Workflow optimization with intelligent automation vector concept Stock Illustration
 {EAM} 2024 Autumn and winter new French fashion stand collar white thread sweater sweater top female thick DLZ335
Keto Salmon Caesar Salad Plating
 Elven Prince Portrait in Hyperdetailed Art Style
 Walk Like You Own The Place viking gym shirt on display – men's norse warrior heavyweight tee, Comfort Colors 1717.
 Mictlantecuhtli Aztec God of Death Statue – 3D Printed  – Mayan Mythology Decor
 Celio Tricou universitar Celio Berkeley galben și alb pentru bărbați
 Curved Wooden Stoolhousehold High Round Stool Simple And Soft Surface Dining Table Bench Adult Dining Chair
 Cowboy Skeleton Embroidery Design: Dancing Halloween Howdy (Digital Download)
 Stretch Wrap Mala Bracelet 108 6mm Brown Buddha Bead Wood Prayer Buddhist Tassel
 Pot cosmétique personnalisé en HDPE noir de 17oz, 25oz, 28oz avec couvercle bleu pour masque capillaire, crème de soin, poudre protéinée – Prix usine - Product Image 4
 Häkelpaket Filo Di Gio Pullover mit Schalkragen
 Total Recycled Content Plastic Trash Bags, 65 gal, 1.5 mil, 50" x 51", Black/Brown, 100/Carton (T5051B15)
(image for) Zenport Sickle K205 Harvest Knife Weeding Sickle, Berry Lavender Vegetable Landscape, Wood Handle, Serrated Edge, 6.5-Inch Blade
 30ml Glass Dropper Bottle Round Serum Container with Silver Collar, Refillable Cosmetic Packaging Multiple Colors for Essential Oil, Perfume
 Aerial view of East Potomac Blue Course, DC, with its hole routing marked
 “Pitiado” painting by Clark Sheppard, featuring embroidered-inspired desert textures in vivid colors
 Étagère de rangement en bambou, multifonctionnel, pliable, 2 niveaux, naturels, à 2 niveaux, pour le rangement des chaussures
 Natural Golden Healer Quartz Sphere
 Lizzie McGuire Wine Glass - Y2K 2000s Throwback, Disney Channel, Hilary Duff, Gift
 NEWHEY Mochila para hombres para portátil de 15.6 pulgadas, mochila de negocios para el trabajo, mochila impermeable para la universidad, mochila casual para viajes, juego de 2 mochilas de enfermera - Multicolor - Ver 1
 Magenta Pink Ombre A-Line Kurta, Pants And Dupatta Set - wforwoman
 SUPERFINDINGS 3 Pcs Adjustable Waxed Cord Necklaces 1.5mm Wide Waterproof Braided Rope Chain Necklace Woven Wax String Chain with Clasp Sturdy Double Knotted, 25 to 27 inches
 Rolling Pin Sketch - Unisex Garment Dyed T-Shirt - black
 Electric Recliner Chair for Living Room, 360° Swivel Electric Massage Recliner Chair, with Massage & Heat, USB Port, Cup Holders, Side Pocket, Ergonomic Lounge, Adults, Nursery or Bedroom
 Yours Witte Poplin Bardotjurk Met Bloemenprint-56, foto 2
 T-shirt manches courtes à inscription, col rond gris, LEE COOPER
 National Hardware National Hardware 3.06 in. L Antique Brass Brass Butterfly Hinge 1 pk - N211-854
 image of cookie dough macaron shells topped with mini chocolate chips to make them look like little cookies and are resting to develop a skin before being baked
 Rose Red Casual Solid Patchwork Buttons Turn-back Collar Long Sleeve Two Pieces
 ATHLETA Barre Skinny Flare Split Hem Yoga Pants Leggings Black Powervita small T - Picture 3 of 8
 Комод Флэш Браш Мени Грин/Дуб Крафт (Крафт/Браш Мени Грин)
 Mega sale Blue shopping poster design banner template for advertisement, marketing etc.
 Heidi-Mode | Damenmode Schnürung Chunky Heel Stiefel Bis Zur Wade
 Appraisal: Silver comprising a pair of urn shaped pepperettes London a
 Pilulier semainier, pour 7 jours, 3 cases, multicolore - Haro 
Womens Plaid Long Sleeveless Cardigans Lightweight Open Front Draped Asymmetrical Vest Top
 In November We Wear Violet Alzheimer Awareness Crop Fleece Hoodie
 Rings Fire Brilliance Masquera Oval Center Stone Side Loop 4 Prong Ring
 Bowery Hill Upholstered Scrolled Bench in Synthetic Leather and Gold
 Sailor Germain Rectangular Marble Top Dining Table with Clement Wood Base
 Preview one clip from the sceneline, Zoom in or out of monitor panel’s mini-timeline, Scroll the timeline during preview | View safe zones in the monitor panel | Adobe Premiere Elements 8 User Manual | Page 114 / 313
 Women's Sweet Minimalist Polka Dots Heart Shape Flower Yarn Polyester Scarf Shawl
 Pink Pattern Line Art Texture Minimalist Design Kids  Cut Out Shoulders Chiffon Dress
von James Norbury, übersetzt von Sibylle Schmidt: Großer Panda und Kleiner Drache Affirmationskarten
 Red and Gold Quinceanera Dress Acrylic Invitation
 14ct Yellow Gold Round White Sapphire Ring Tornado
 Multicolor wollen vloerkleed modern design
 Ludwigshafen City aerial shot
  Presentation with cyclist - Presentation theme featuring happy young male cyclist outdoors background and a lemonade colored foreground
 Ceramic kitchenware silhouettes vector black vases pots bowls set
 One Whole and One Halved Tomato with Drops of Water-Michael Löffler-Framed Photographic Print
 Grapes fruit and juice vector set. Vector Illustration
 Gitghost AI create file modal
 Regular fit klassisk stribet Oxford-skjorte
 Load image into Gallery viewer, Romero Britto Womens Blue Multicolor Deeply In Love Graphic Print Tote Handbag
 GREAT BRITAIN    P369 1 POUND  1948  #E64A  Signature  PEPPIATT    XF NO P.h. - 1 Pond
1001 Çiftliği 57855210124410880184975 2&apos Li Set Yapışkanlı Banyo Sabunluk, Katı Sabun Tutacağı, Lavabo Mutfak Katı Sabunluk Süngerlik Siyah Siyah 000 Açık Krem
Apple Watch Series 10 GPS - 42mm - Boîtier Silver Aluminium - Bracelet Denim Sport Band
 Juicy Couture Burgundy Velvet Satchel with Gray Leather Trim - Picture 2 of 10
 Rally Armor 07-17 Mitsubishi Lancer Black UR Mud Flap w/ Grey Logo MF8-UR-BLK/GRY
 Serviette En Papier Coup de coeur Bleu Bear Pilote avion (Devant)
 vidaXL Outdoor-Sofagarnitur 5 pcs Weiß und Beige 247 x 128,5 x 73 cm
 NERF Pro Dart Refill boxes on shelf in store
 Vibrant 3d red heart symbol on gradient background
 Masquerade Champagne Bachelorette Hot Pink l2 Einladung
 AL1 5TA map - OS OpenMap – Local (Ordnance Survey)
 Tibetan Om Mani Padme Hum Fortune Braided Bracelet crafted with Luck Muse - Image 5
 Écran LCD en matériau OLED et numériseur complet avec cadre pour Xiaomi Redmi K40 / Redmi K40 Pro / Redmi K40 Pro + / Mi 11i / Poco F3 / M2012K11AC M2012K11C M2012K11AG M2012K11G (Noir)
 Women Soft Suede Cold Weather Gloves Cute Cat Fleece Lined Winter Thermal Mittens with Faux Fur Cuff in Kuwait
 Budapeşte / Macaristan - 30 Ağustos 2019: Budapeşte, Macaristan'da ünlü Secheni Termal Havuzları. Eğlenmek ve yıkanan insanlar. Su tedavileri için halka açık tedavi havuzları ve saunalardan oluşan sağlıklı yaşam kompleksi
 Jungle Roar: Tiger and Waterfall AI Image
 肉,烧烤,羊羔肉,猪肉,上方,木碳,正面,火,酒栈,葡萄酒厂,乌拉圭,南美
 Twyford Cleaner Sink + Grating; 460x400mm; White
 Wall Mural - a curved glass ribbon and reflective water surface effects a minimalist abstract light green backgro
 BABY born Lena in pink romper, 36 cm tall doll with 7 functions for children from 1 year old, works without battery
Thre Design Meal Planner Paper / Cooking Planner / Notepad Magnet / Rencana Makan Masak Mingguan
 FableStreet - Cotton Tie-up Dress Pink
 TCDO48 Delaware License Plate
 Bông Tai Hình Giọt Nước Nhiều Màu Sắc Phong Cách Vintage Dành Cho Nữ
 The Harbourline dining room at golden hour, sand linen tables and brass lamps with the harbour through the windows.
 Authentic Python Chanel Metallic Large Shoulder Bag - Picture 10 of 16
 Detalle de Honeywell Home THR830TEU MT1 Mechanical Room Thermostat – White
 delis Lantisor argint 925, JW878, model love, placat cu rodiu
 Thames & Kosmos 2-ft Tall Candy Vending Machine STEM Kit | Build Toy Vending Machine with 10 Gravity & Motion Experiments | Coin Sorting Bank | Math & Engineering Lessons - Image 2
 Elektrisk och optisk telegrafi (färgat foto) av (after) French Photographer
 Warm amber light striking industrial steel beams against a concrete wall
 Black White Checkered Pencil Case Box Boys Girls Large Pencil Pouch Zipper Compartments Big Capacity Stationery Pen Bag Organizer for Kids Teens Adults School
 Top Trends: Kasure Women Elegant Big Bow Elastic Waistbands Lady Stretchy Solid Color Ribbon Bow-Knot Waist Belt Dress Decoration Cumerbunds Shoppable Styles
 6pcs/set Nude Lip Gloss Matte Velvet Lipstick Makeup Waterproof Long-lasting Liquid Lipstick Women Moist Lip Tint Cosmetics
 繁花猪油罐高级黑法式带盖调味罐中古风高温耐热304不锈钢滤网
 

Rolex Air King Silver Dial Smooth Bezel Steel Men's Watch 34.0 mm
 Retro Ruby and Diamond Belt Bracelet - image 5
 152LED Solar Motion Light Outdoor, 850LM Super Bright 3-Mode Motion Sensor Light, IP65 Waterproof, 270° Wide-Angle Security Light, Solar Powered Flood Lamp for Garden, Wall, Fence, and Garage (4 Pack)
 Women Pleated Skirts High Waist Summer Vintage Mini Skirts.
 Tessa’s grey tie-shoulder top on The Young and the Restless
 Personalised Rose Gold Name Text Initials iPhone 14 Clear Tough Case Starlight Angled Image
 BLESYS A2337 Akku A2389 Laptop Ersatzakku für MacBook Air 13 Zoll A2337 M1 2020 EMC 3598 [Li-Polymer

Your goal ▸ Only the lines that contain the string "Vintage" should be copied from the entries above.

Written solution ▸
 Bông Tai Hình Giọt Nước Nhiều Màu Sắc Phong Cách Vintage Dành Cho Nữ
 Women Pleated Skirts High Waist Summer Vintage Mini Skirts.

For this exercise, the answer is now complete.